Increased chalcone synthase (CHS) expression is associated with dicamba resistance in Kochia scoparia.[Pubmed: 29083527]

Resistance to the synthetic auxin herbicide dicamba is increasingly problematic in Kochia scoparia. The resistance mechanism in an inbred dicamba-resistant K. scoparia line (9425R) was investigated using physiological and transcriptomics (RNA-Seq) approaches.

Glyphosate Resistance and EPSPS Gene Duplication: Convergent Evolution in Multiple Plant Species.[Pubmed: 29040588]
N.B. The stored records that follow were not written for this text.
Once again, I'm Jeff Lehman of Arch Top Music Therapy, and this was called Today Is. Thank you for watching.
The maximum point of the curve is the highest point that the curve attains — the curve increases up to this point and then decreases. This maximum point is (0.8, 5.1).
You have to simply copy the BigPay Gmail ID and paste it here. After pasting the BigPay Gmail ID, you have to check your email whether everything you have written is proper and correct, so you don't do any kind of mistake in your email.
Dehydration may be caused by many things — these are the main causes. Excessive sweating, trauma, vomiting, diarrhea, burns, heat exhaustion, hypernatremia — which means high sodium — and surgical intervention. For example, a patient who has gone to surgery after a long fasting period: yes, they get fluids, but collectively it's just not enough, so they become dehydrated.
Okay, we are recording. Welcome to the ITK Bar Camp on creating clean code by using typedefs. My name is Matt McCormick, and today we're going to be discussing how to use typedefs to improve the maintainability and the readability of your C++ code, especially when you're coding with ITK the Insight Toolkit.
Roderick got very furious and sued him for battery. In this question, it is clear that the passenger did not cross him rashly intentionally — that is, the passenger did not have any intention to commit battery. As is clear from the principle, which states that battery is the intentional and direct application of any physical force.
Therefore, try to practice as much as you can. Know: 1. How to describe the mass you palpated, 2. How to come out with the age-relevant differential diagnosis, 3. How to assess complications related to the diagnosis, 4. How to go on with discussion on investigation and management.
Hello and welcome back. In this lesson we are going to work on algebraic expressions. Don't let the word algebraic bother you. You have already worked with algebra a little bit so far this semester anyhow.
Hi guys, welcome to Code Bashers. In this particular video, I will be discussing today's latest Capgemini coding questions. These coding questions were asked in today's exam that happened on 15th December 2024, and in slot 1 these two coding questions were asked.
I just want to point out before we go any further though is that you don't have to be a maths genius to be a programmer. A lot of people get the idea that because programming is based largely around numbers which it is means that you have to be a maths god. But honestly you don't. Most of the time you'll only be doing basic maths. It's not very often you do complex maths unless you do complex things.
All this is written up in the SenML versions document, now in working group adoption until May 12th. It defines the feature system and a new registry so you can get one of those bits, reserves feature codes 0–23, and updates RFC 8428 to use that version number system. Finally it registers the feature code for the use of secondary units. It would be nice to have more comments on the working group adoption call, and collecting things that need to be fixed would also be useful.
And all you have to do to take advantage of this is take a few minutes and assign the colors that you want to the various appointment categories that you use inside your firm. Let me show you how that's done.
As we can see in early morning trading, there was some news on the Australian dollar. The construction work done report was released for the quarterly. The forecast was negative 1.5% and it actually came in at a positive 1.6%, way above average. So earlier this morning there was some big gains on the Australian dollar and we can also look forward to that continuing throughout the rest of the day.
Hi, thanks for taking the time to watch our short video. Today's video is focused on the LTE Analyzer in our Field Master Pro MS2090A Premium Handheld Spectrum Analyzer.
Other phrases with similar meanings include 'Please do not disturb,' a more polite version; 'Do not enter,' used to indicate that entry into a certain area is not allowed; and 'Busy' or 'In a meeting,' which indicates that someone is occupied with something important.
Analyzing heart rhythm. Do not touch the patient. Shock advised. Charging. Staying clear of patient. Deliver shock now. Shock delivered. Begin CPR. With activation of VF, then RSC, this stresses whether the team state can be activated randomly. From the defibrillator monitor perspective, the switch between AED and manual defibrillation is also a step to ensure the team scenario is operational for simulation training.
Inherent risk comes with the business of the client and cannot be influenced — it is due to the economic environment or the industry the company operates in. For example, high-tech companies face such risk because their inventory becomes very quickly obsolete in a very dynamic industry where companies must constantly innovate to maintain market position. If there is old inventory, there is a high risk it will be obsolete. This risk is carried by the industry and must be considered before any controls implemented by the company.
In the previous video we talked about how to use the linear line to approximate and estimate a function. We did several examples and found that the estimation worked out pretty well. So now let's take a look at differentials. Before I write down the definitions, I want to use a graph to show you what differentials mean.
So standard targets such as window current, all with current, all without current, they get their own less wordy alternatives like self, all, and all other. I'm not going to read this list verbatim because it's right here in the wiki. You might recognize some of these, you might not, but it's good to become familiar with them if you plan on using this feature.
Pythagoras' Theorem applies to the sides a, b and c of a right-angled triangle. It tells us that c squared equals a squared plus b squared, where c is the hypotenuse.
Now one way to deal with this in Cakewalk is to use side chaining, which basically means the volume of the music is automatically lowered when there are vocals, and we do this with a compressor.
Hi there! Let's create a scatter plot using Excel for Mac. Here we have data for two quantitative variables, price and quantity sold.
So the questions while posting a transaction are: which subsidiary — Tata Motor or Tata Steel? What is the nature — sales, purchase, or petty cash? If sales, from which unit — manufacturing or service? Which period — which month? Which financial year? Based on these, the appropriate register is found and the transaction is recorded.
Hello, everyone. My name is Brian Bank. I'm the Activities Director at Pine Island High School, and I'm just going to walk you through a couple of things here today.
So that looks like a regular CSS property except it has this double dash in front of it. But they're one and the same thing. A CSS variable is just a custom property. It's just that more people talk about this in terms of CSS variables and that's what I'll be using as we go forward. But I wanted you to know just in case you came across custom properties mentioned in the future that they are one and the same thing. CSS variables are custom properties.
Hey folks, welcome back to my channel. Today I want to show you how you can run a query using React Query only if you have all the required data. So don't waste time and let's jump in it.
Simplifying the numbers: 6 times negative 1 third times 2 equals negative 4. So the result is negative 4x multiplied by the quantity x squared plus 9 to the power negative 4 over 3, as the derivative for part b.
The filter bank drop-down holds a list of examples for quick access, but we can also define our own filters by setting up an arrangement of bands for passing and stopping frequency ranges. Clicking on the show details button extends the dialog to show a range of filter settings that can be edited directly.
One of the increasingly widespread mechanisms of resistance to the herbicide glyphosate is copy number variation (CNV) of the 5-enolpyruvylshikimate-3-phosphate synthase (EPSPS) gene. EPSPS gene duplication has been reported in 8 weed species, ranging from 3 to 5 extra copies to more than 150 extra copies. In the case of Palmer amaranth (Amaranthus palmeri), a section of >300 kb containing EPSPS and many other genes has been replicated and inserted at new loci throughout the genome, resulting in significant increase in total genome size. The replicated sequence contains several classes of mobile genetic elements including helitrons, raising the intriguing possibility of extra-chromosomal replication of the EPSPS-containing sequence. In kochia (Kochia scoparia), from 3 to more than 10 extra EPSPS copies are arranged as a tandem gene duplication at one locus. In the remaining 6 weed species that exhibit EPSPS gene duplication, little is known about the underlying mechanisms of gene duplication or their entire sequence. There is mounting evidence that adaptive gene amplification is an important mode of evolution in the face of intense human-mediated selection pressure. The convergent evolution of CNVs for glyphosate resistance in weeds, through at least 2 different mechanisms, may be indicative of a more general importance for this mechanism of adaptation in plants. CNVs warrant further investigation across plant functional genomics for adaptation to biotic and abiotic stresses, particularly for adaptive evolution on rapid time scales.